RESEARCH METHODS 5RM - Hypotheses and Hypothesis Testing

Author:   Ed Nelson
Department of Sociology M/S SS97
California State University, Fresno
Fresno, CA 93740
Email:  ednelson@csufresno.edu

Note to the Instructor: This is the fifth in a series of 13 exercises that were written for an introductory research methods class.  The first exercise focuses on the research design which is your plan of action that explains how you will try to answer your research questions.  Exercises two through four focus on sampling, measurement, and data collection.  The fifth exercise discusses hypotheses and hypothesis testing.  The last eight exercises focus on data analysis.  In these exercises we’re going to analyze data from one of the Monitoring the Future Surveys (i.e., the 2015 survey of high school seniors in the United States).  This data set is part of the collection at the Inter-university Consortium for Political and Social Research at the University of Michigan.  The data are freely available to the public and you do not have to be a member of the Consortium to use the data.  We’re going to use SDA (Survey Documentation and Analysis) to analyze the data which is an online statistical package written by the Survey Methods Program at UC Berkeley and is available without cost wherever one has an internet connection.  A weight variable is automatically applied to the data set so it better represents the population from which the sample was selected.  You have permission to use this exercise and to revise it to fit your needs.  Please send a copy of any revision to the author so I can see how people are using the exercises. Included with this exercise (as separate files) are more detailed notes to the instructors and the exercise itself.  Please contact the author for additional information.
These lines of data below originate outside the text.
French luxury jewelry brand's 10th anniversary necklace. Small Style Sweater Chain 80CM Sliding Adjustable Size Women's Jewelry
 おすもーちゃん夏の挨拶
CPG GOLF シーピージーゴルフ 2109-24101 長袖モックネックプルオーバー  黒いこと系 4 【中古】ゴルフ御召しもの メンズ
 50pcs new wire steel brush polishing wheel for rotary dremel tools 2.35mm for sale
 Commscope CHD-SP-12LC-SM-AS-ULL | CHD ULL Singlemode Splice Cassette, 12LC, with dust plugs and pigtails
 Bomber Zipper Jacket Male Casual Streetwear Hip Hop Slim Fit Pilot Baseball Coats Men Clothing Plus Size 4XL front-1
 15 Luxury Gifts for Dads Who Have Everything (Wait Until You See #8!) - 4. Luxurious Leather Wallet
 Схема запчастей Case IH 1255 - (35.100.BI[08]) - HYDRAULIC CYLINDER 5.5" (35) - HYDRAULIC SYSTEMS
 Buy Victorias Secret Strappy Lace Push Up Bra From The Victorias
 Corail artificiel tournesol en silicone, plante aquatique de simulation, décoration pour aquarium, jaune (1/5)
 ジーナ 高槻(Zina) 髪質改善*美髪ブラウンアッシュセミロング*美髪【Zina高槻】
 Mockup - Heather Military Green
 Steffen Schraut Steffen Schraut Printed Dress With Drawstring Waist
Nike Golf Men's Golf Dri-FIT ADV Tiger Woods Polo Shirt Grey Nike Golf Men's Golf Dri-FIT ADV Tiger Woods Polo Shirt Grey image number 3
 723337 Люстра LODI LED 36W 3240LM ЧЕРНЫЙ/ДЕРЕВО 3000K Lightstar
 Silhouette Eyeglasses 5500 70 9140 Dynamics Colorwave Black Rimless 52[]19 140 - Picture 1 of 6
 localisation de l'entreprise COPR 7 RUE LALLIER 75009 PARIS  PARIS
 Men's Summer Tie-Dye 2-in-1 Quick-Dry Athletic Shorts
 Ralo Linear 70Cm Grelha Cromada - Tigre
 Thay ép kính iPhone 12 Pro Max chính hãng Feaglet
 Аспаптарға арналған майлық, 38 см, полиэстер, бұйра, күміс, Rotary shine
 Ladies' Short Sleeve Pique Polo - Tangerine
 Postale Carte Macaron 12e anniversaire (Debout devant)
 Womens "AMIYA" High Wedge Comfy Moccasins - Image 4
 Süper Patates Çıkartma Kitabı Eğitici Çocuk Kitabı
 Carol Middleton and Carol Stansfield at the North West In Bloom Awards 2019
This page in MS Word (.docx) format is attached.

Goal of Exercise

The goals of this exercise are to teach students how to write hypotheses and to provide an introduction to hypothesis testing.[1] 

Part I—Hypotheses

All research starts with a question.  We could ask why some high school seniors decide to go on to college and others decide not to.  Or we could ask why some people vote Republican in presidential elections and other vote Democrat.  Our goal is to answer these questions. 

Theories are systematic attempts to answer these questions.  Theories are made up of the concepts that we think will be helpful in answering these questions and propositions that indicate how these concepts are interrelated.  For example, the French sociologist Emile Durkheim wanted to know why some groups had higher suicide rates than other groups.  He argued that the concepts of integration and regulation helped explain variation in suicide rates.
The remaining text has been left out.